- **Exercise objective**:
Reproduce the section of the listing that begins at the line containing "Indoor entryway for" and finishes at the line containing "单人头像ins高级质感男". Include both end lines and nothing beyond them.

*** Begin section ***

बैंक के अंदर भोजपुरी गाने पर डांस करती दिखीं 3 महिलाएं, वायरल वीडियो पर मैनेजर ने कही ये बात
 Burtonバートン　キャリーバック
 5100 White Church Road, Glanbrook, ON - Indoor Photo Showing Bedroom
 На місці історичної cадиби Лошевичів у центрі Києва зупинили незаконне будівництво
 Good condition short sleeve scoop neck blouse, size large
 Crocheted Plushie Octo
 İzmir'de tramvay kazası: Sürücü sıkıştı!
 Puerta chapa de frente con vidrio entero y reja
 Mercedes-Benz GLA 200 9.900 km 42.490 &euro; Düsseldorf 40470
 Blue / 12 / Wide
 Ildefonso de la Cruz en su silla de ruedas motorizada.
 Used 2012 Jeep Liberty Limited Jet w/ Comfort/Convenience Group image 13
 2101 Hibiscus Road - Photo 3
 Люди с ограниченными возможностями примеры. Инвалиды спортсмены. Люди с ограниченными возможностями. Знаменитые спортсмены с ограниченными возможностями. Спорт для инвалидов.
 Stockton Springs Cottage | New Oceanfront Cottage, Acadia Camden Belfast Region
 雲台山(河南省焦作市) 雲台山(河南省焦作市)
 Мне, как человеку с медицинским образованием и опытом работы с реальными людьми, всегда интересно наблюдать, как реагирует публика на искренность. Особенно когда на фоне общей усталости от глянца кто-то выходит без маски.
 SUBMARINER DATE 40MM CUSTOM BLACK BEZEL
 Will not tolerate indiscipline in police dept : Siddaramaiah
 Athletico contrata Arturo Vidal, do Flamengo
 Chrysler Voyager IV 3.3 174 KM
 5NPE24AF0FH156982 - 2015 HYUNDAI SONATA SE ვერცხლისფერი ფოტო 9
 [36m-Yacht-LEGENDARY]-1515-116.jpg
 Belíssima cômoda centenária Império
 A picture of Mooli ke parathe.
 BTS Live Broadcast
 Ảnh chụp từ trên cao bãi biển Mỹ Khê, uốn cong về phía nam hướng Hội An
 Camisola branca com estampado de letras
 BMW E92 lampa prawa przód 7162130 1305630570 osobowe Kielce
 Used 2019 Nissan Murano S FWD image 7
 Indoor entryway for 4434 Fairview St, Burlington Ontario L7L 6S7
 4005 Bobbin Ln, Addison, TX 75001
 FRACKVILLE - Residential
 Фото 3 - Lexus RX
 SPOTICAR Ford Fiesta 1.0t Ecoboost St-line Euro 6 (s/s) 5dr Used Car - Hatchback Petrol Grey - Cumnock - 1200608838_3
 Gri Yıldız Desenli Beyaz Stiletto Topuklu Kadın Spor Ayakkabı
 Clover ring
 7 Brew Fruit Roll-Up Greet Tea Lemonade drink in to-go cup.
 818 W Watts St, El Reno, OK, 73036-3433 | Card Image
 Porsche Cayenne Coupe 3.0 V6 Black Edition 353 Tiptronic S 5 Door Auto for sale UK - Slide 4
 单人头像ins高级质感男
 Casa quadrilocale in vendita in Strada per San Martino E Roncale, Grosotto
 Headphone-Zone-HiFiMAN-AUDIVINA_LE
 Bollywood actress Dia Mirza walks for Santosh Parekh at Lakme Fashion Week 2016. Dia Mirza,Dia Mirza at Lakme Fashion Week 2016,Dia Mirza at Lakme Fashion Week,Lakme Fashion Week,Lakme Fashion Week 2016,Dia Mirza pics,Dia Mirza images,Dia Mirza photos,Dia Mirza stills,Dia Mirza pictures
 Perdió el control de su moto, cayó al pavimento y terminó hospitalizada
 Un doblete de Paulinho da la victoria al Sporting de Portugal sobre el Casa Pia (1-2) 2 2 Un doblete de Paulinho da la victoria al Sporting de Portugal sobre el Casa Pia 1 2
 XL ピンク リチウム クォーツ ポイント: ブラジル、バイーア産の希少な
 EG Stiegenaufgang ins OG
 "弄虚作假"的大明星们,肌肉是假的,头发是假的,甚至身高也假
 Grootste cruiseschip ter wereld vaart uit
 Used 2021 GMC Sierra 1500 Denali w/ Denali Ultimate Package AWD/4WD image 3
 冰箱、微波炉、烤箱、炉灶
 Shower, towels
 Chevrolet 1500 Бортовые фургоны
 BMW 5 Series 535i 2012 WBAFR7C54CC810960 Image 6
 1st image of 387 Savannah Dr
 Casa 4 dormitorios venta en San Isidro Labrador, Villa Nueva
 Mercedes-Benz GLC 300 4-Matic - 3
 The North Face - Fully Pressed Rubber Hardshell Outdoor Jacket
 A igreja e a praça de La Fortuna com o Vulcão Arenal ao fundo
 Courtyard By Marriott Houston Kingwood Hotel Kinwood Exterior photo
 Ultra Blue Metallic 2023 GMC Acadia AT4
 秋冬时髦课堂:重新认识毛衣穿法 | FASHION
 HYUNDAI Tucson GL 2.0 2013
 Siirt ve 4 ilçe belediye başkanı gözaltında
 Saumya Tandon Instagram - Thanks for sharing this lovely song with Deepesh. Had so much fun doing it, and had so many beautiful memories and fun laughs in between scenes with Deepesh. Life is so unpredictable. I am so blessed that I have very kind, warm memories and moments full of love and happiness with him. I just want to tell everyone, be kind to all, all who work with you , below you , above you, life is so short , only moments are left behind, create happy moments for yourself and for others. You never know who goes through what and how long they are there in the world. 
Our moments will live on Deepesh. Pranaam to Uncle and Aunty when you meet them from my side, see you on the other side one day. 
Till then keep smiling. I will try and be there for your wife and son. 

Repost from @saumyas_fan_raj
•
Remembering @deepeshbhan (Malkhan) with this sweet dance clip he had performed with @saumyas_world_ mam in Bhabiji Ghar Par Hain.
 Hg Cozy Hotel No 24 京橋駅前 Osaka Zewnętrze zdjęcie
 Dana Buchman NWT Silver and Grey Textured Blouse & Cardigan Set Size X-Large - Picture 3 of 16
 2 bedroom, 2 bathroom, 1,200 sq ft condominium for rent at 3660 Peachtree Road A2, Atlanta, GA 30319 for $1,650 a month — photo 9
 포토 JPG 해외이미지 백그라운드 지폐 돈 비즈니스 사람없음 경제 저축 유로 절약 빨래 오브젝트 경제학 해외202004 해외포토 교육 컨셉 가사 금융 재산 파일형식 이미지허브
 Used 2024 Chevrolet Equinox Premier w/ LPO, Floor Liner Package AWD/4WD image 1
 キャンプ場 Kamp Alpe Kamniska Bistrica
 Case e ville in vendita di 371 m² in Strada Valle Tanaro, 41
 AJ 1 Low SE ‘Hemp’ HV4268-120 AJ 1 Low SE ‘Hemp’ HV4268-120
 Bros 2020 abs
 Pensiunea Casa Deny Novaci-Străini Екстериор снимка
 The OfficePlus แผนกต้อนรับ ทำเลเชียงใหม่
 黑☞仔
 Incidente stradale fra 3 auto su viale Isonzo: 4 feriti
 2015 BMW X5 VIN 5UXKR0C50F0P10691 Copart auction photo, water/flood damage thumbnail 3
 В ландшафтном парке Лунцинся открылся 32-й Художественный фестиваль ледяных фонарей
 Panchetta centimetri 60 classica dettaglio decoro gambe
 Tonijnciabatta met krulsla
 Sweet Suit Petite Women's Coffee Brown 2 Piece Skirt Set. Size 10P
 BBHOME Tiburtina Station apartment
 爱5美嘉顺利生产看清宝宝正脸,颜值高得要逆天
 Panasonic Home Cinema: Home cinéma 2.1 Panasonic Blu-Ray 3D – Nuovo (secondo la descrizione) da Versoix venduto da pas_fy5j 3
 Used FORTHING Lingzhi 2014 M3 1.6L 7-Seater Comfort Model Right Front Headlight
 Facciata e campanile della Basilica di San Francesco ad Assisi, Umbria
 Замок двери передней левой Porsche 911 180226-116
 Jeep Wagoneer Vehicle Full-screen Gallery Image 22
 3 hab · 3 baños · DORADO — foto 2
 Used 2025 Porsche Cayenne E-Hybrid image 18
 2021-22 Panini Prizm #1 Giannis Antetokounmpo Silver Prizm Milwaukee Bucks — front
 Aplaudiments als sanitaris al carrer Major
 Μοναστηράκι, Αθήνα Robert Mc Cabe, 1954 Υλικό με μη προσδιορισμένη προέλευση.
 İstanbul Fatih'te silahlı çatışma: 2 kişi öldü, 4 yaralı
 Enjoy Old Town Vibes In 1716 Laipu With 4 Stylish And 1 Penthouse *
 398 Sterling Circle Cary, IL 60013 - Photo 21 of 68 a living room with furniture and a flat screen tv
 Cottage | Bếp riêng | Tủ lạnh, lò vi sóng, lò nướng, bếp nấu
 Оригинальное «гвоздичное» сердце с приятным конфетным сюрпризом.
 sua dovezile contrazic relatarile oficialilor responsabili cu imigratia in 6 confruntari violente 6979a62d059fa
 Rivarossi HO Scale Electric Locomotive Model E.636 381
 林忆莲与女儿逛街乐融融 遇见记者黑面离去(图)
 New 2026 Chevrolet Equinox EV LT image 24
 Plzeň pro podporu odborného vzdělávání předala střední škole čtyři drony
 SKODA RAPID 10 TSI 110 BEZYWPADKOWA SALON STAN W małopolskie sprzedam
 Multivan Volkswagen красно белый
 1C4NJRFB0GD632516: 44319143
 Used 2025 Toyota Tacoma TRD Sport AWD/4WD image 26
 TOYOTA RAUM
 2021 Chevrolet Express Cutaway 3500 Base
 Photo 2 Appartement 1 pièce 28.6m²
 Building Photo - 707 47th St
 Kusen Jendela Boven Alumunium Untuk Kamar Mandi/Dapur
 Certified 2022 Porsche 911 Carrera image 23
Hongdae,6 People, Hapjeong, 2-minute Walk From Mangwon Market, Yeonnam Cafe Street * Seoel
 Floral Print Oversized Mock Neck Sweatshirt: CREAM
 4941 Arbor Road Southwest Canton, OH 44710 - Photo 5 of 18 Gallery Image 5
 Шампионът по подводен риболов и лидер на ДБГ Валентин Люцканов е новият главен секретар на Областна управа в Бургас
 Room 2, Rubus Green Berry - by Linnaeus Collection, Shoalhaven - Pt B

*** End section ***

- **Task solution**:
 Indoor entryway for 4434 Fairview St, Burlington Ontario L7L 6S7
 4005 Bobbin Ln, Addison, TX 75001
 FRACKVILLE - Residential
 Фото 3 - Lexus RX
 SPOTICAR Ford Fiesta 1.0t Ecoboost St-line Euro 6 (s/s) 5dr Used Car - Hatchback Petrol Grey - Cumnock - 1200608838_3
 Gri Yıldız Desenli Beyaz Stiletto Topuklu Kadın Spor Ayakkabı
 Clover ring
 7 Brew Fruit Roll-Up Greet Tea Lemonade drink in to-go cup.
 818 W Watts St, El Reno, OK, 73036-3433 | Card Image
 Porsche Cayenne Coupe 3.0 V6 Black Edition 353 Tiptronic S 5 Door Auto for sale UK - Slide 4
 单人头像ins高级质感男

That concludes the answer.